Construction planners showed last week that those goals are easier stated than achieved.
For instance, take the steel that will make up the stadium skeleton and hold up the translucent roof. State lawmakers made clear they want northern Minnesota’s Iron Range to be a major player.
“To the extent practicable, the authority and the team must ensure that the stadium be built with American-made steel that is made from Minnesota iron ore,” the law approved in 2012 reads.
But Mortenson Construction executive John Wood turned a few heads when he told the Minnesota Sports Facilities Authority that some high-grade steel will be imported from Europe, particularly the long beams that will hold the roof up. He said officials were placing an order with a Luxembourg manufacturer that is a global provider of the extra-strength steel.
Wood said after the authority’s meeting that the 7,000 tons of steel that make up the perimeter can be drawn domestically, but even that will probably have only small traces of Minnesota in it.
“Minnesotadoesn’t mill steel. It produces taconite pellets used in the steel milling industry. It actually does not produce directly structural steel used in buildings,” Wood explained. “The majority of structural steel used in buildings all over the country is produced from scrap. There isn’t a direct connection between taconite and a piece of steel you are going to find in any building structure.”
Former state Rep. Tom Rukavina, a Democrat from Virginia pressed for the Minnesota ore provision and said it contributed to the vote for the bill. He’s annoyed that the building requires an overseas shipment.
“That, to me, is sinful is what it is,” Rukavina said. “Looking outside the country is disturbing to me.”
That’s not to say the steel structure won’t have a Minnesota component. One subcontractor is Minneapolis-based LeJeune Steel Co., which will place the steel order, cut the pieces down to size and prepare any connections needed for installation.
Stadium authority Chairwoman Michele Kelm-Helgen said some technical specifications are so precise that the construction team has no choice but to look outside the state, including for the glass roof panels that will be a defining feature.
But she said officials are focused on spending much of the stadium budget on buying local supplies and hiring local workers, thousands of whom will be needed to build and staff the place.
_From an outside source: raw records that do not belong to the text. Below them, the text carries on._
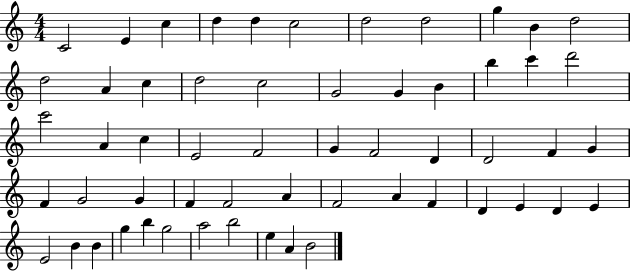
C4/h E4/q C5/q D5/q D5/q C5/h D5/h D5/h G5/q B4/q D5/h D5/h A4/q C5/q D5/h C5/h G4/h G4/q B4/q B5/q C6/q D6/h C6/h A4/q C5/q E4/h F4/h G4/q F4/h D4/q D4/h F4/q G4/q F4/q G4/h G4/q F4/q F4/h A4/q F4/h A4/q F4/q D4/q E4/q D4/q E4/q E4/h B4/q B4/q G5/q B5/q G5/h A5/h B5/h E5/q A4/q B4/h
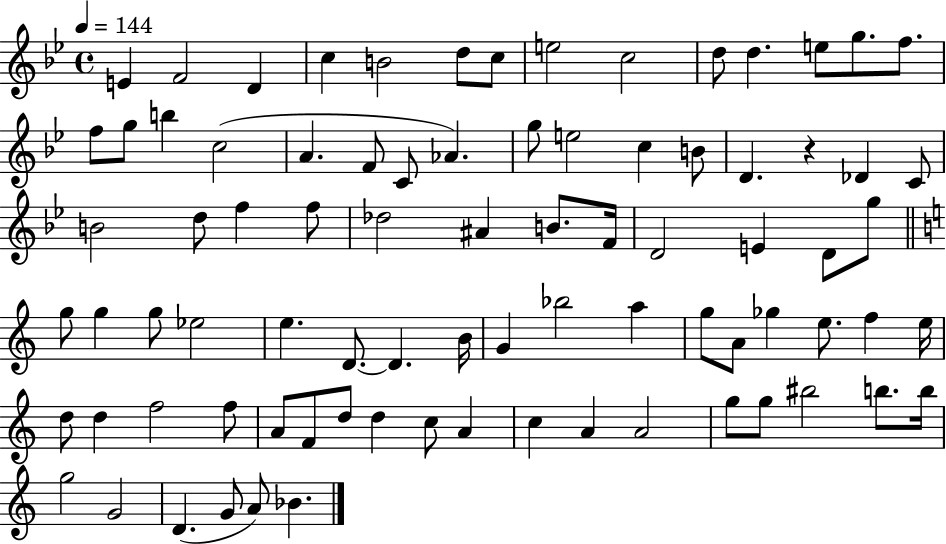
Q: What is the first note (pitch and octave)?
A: E4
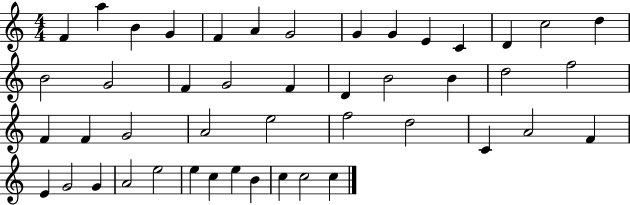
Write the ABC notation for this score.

X:1
T:Untitled
M:4/4
L:1/4
K:C
F a B G F A G2 G G E C D c2 d B2 G2 F G2 F D B2 B d2 f2 F F G2 A2 e2 f2 d2 C A2 F E G2 G A2 e2 e c e B c c2 c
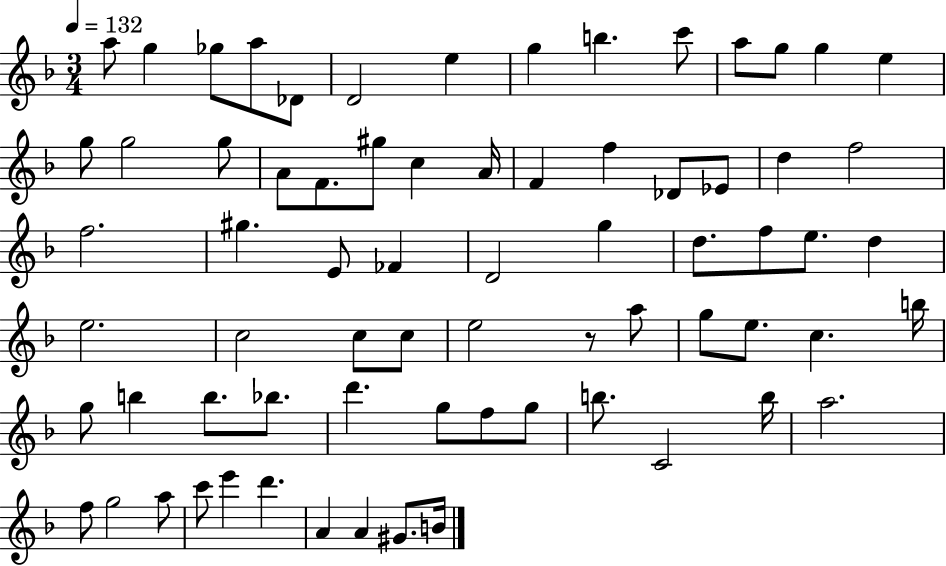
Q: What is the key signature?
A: F major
After all, about half of the expected $1 billion cost will come from state taxpayers and the city of Minneapolis.
The stadium law sets a goal of getting at least 25 percent of all construction materials from Minnesota businesses and carrying that through when the building opens by serving Minnesota-made beer and hotdogs.
There’s already a strong Minnesota flavor to the project.
Lead contractor Mortenson is based in Golden Valley, and associated firm Thor Construction is headquartered in Minneapolis. Excavating and demolition duties fall to Ames Construction of Burnsville in concert with Frattalone Companies of Little Canada. The super-deep support pier foundations will be drilled by Rogers-based Veit Companies.
“We’re definitely making that a high priority, and we will assure you that’s how we’re going to approach this job — Minnesota workers, Minnesota companies, Minnesota businesses,” Kelm-Helgen told reporters Friday.
Major construction on the new stadium gets underway early next year when the Metrodome will be methodically demolished. The new stadium is slated to open for the 2016 season.